**Data**
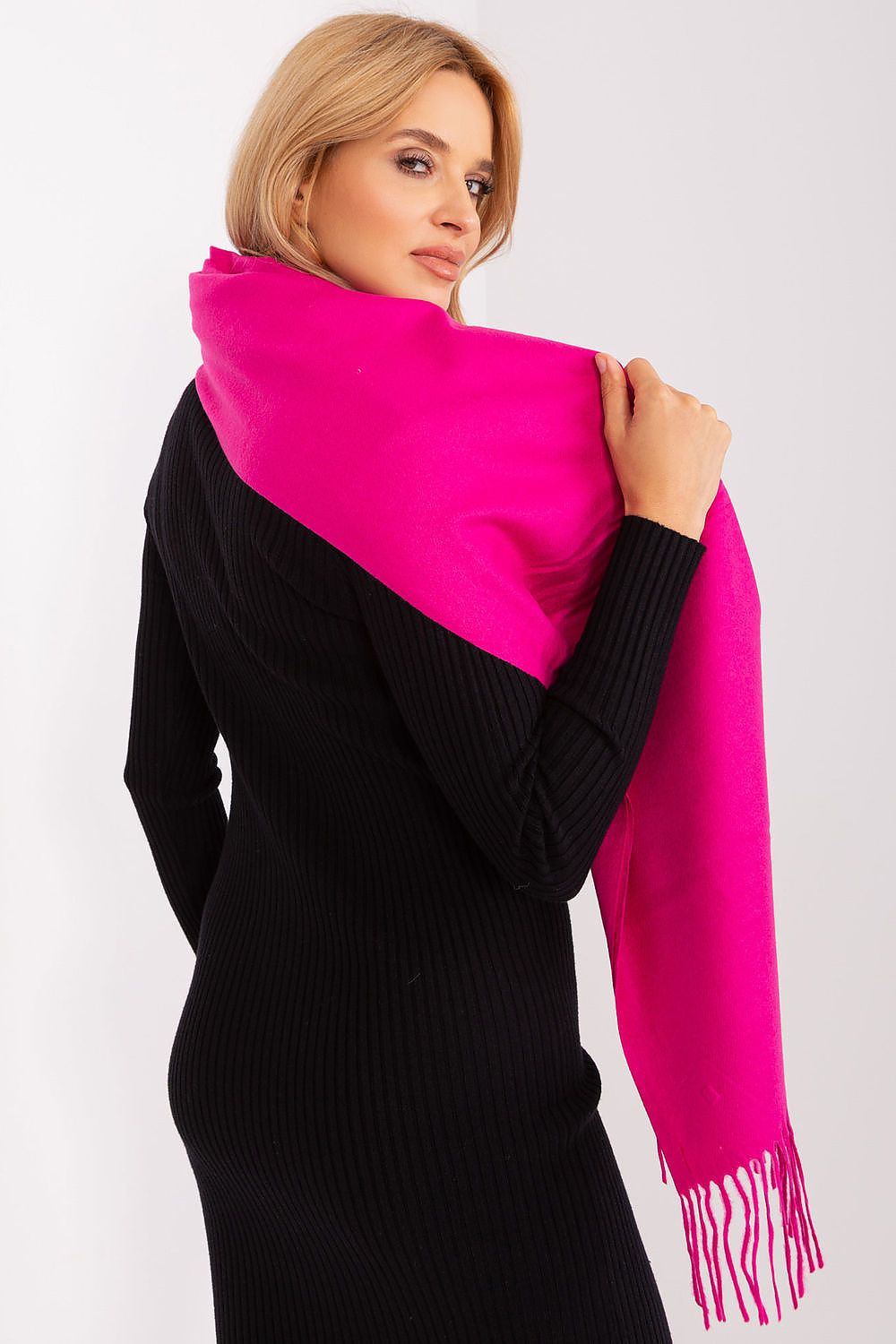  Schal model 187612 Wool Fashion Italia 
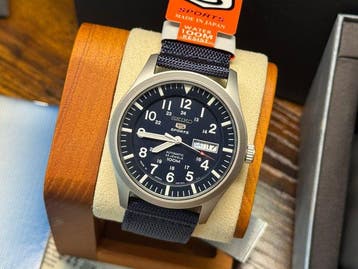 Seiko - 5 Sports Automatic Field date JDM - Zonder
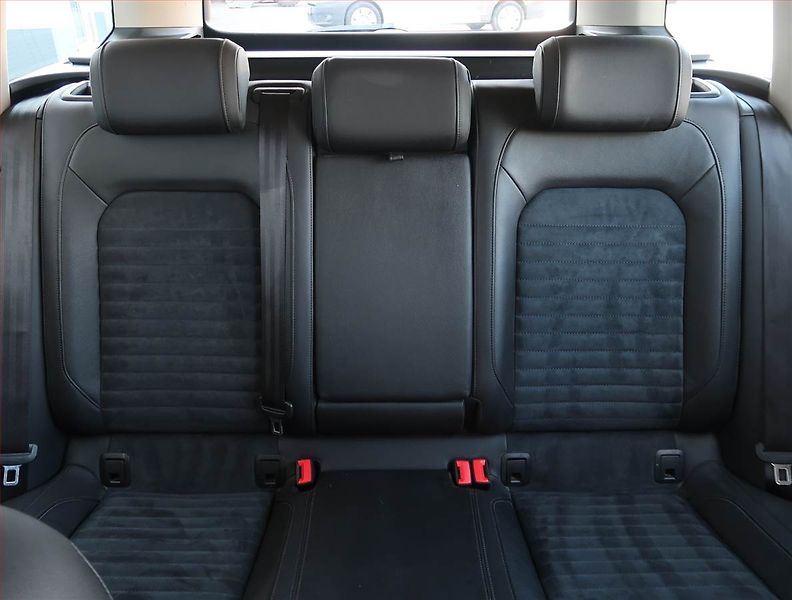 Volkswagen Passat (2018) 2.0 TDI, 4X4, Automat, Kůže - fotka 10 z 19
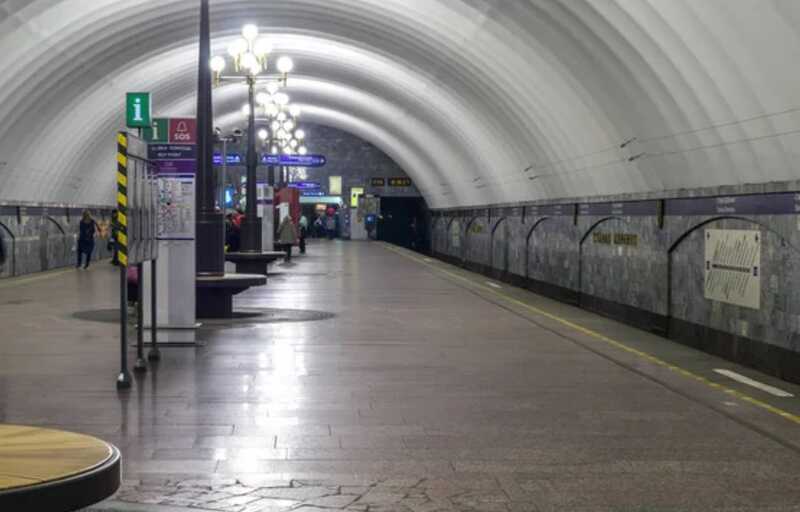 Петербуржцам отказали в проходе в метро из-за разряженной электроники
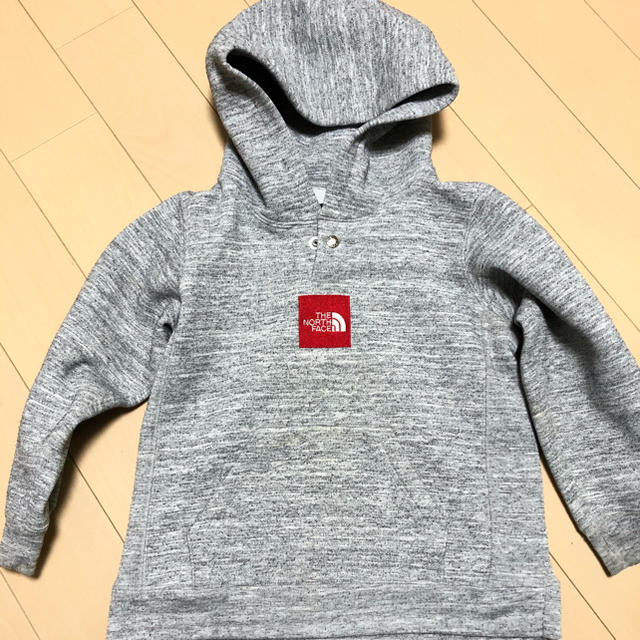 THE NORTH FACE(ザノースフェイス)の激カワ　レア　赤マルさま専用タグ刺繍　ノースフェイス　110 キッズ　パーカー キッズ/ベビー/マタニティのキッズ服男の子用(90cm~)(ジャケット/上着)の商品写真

---

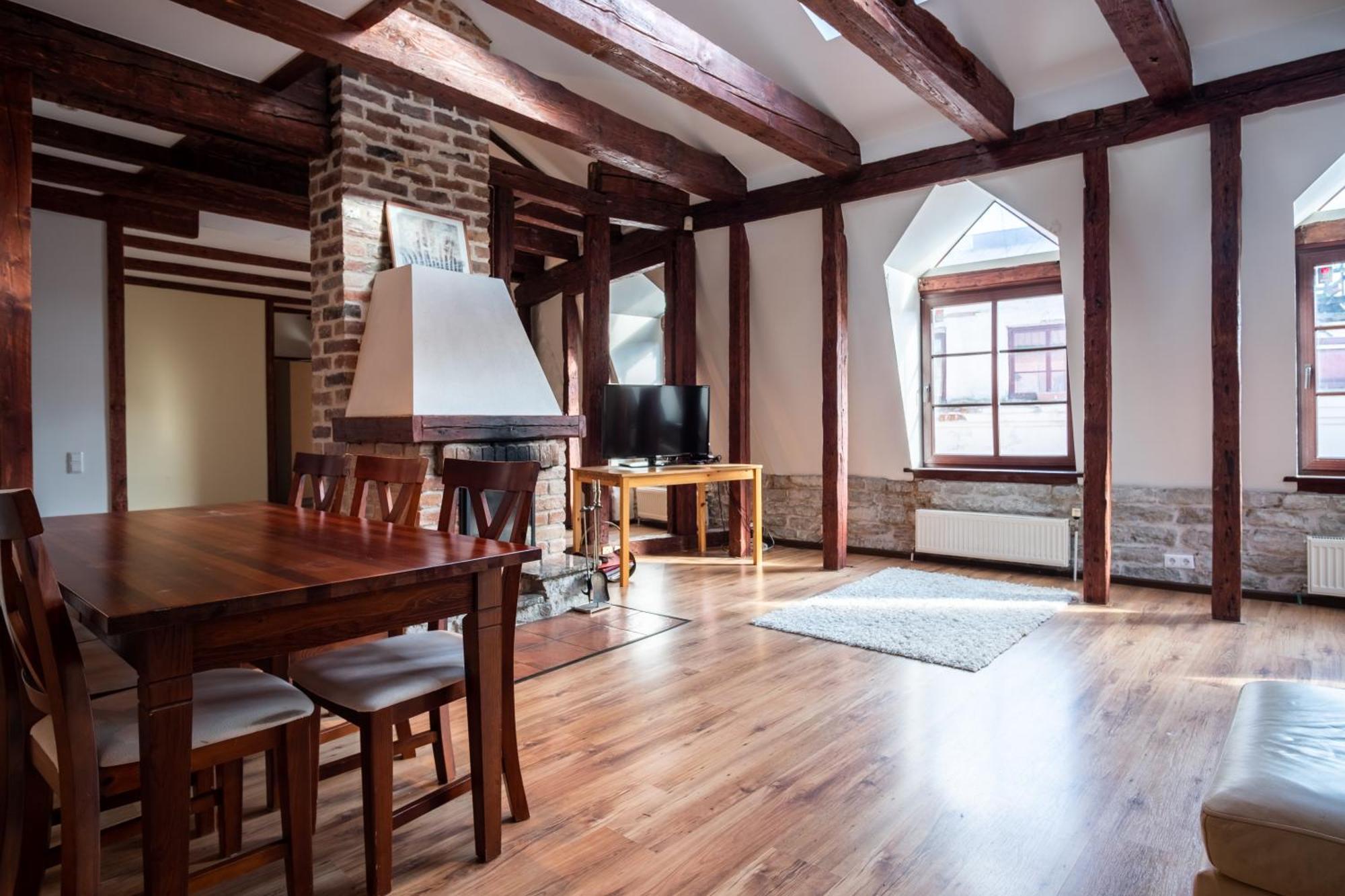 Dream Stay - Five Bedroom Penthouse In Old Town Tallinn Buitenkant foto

...

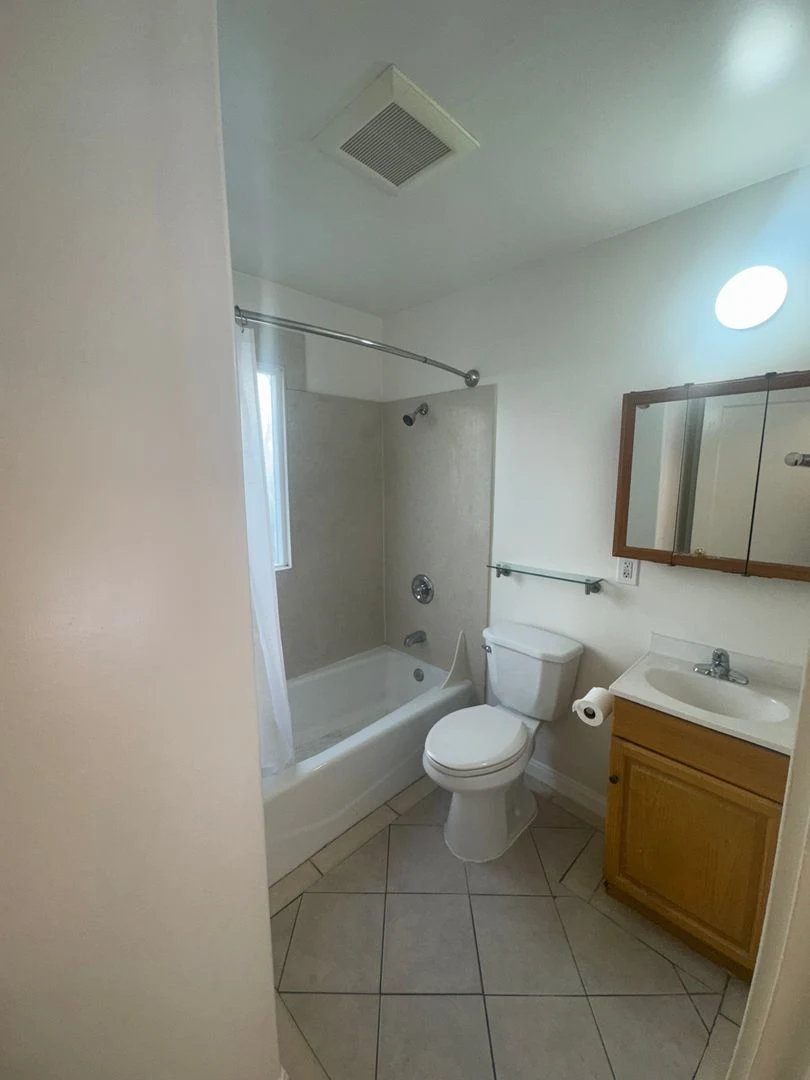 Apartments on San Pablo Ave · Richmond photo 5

**Task description**
Both boundary lines included, write out word for word only the lines above from the one containing "Seiko - 5 Sports" to the one containing "THE NORTH FACE(ザノースフェイス)の激カワ　レア　赤マルさま専用タグ刺繍　ノースフェイス　110", leaving out any pictures.

**Answer section**
 Seiko - 5 Sports Automatic Field date JDM - Zonder
 Volkswagen Passat (2018) 2.0 TDI, 4X4, Automat, Kůže - fotka 10 z 19
 Петербуржцам отказали в проходе в метро из-за разряженной электроники
 THE NORTH FACE(ザノースフェイス)の激カワ　レア　赤マルさま専用タグ刺繍　ノースフェイス　110 キッズ　パーカー キッズ/ベビー/マタニティのキッズ服男の子用(90cm~)(ジャケット/上着)の商品写真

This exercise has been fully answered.